Tokio-uring provides a safe io-uring interface for the Tokio runtime. The library requires Linux kernel 5.10 or later.

Getting started

Using tokio-uring requires starting a [tokio-uring] runtime. This runtime internally manages the main Tokio runtime and a io-uring driver.

use tokio_uring::fs::File;

fn main() -> Result<(), Box<dyn std::error::Error>> {
    tokio_uring::start(async {
        // Open a file
        let file = File::open("hello.txt").await?;

        let buf = vec![0; 4096];
        // Read some data, the buffer is passed by ownership and
        // submitted to the kernel. When the operation completes,
        // we get the buffer back.
        let (res, buf) = file.read_at(buf, 0).await;
        let n = res?;

        // Display the contents
        println!("{:?}", &buf[..n]);

        Ok(())
    })
}

Under the hood, tokio_uring::start starts a [current-thread] Runtime. For concurrency, spawn multiple threads, each with a tokio-uring runtime. The tokio-uring resource types are optimized for single-threaded usage and most are !Sync.

Submit-based operations

Unlike Tokio proper, io-uring is based on submission based operations. Ownership of resources are passed to the kernel, which then performs the operation. When the operation completes, ownership is passed back to the caller. Because of this difference, the tokio-uring APIs diverge.
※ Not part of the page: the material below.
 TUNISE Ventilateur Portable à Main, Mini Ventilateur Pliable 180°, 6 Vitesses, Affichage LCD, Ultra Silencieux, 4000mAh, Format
For example, in the above example, reading from a File requires passing ownership of the buffer.

Closing resources

With io-uring, closing a resource (e.g. a file) is an asynchronous operation. Because Rust does not support asynchronous drop yet, resource types provide an explicit close() function. If the close() function is not called, the resource will still be closed on drop, but the operation will happen in the background. There is no guarantee as to when the implicit close-on-drop operation happens, so it is recommended to explicitly call close().

Modules

  • Utilities for working with buffers.
  • Filesystem manipulation operations.
  • TCP/UDP bindings for tokio-uring.

Structs

  • Builder API to allow starting the runtime and creating the io_uring driver with non-default parameters.
  • The Runtime executor

Functions

  • Return a Builder to allow setting parameters before calling the start method. Returns a Builder with our default values, all of which can be replaced with the methods below.
  • The simplest possible operation. Just posts a completion event, nothing else.
  • Spawns a new asynchronous task, returning a JoinHandle for it.
  • Start an io_uring enabled Tokio runtime.
  • Create and return an io_uring::Builder that can then be modified through its implementation methods.

Type Definitions

  • A specialized Result type for io-uring operations with buffers.